第五弾:まとめコラム


政治経済学部二年 佐々木哲平


ここまで、第四弾にわたるコンテンツによって問題提起から現状分析・政策の方向性まで提示してきた。ここではまとめとして、コンテンツの要点を取り上げた上で、所感を述べたい。

私がこのコンテンツで終始述べてきたことは地域社会の崩壊に対する危機感であった。地域社会はこれまでも人間関係を担保し、そこで共有するべき価値を継承し、時にはそれを受け継いで創造する場であった。それが、私の提起したニヒリズムアノミーといった問題の解決には必要不可欠なのである。現在よく言われるような主体的な個人、自由といったものは果たして無前提的に受け入れるべきものなのであろうか。その結果生み出されたものが価値観の多様化という名の価値観の喪失であり、社会の無規範化だったのではなかろうか。

現代日本は訴訟国家化している。共通善なるものが希薄化した結果、断片化された個人は利己主義と情緒主義という形で顕在化したのである。このような事態に対して防犯カメラを設置する、弁護士や裁判官を養成する、裁判の手続きを簡素化して裁判所を身近なものにする、といった対策を最優先にするべきなのであろうか。それらはすべて事後的な対策であるし、根本的な解決には結びつかない。しかもそれでは空虚な自己という問題はなんら解決しえないのである。

第一次的な絆である地域共同体はそれらの問題を解決しうる力を持っているし、実際に共同体の崩壊が叫ばれるまでこのような問題は発生しなかった。
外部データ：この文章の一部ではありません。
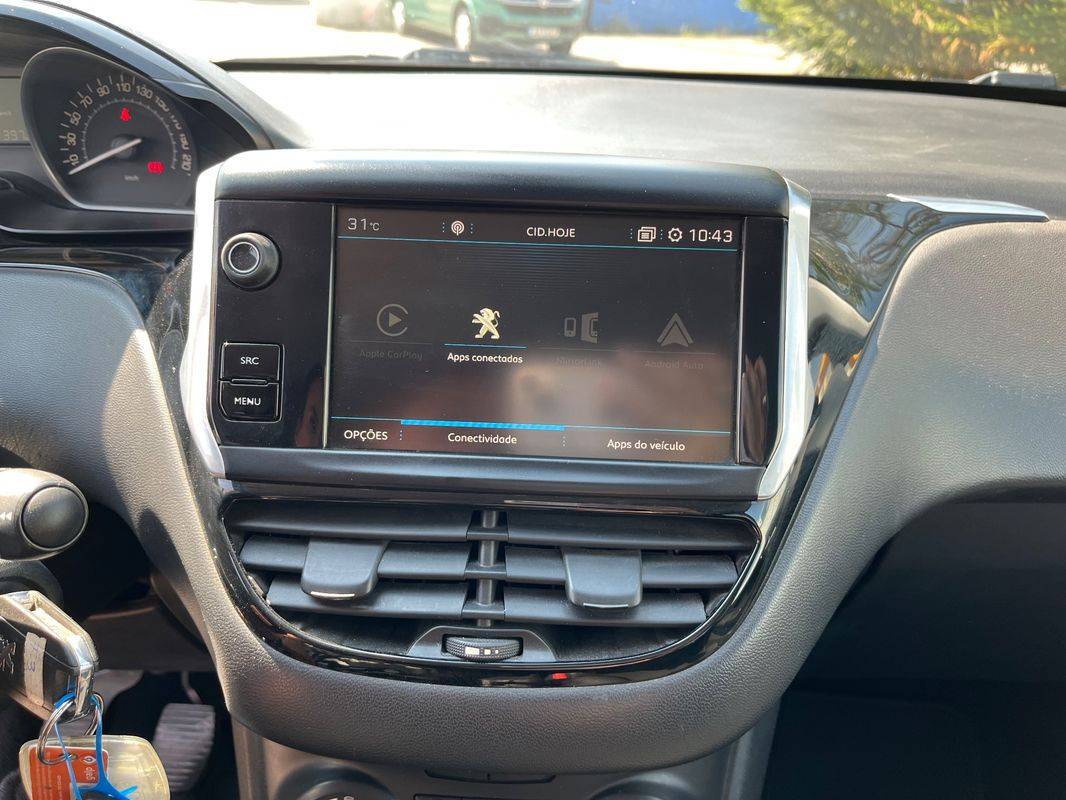 peugeot-208-2019-gasolina-1199cc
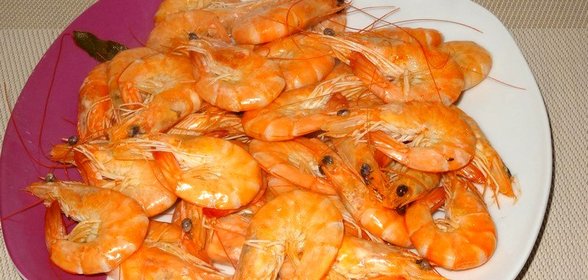 Вареные королевские креветки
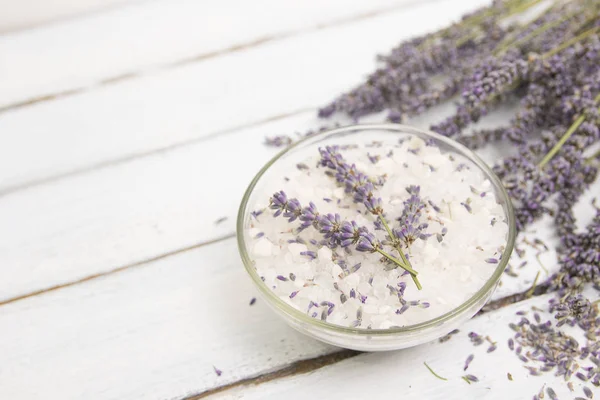 Doğal bitkisel deniz tuzu aromatik eflatun - gevşeme için mükemmel. Kozmetik Kavanozlar ve şişeler tuz, lavanta çiçekleri, banyo bomba ile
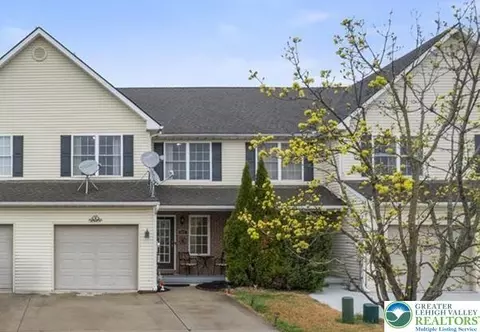 1315 Mohr Cir, Macungie, PA 18062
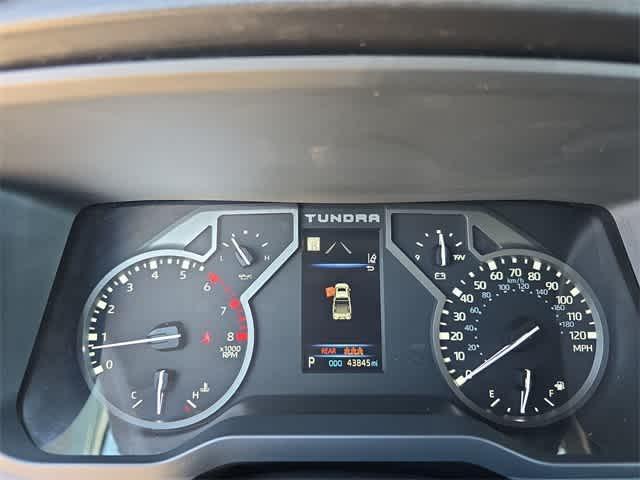 Photo of 2022 White Toyota Tundra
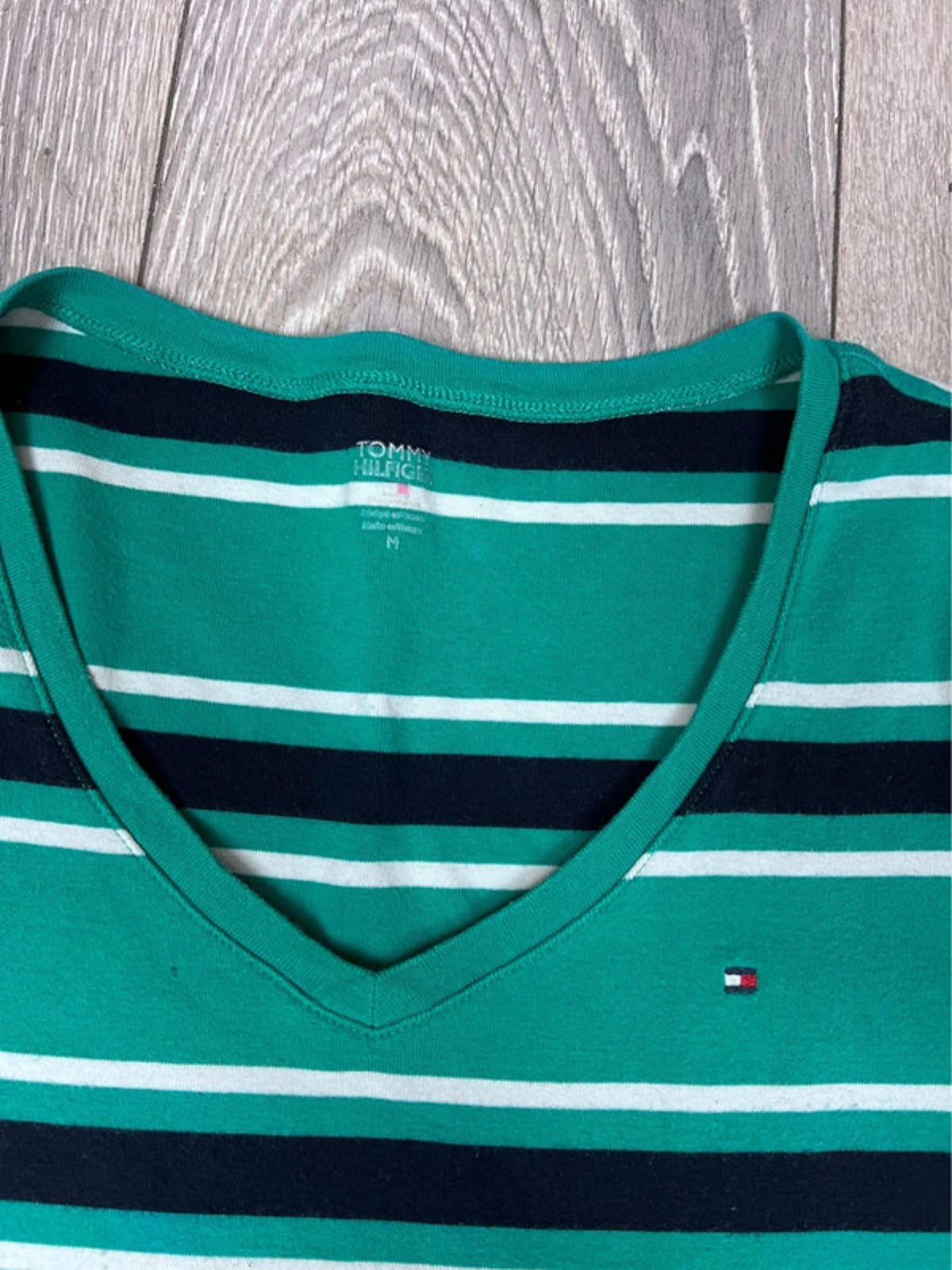 Tommy Hilfiger Striped V Neck T-Shirt Women’s Size Medium UK 10 image 3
そのための政策指針が第四弾で述べたものである。NPO支援など都市部においては「市民社会」の新たな担い手を育成しようという運動や政策は盛んに行われている。だが、皆が皆、主体的にかかわっていくことができるのかといえば疑問があるし、共通善の保持がもっとも必要であるからには、まだ残存している共同体の護持がかかせない。それを現代の時代潮流といかに適合させていくかが最も重要な点であろう。

最後になりましたが、本コンテンツを読んでいただいた方に感謝を申し上げたいと思います。ありがとうございました。ばらばらの個人ではなく、みんなが共にいると思える社会、そこで日常生活の意味を見出せる社会を目指して生きたいと思います。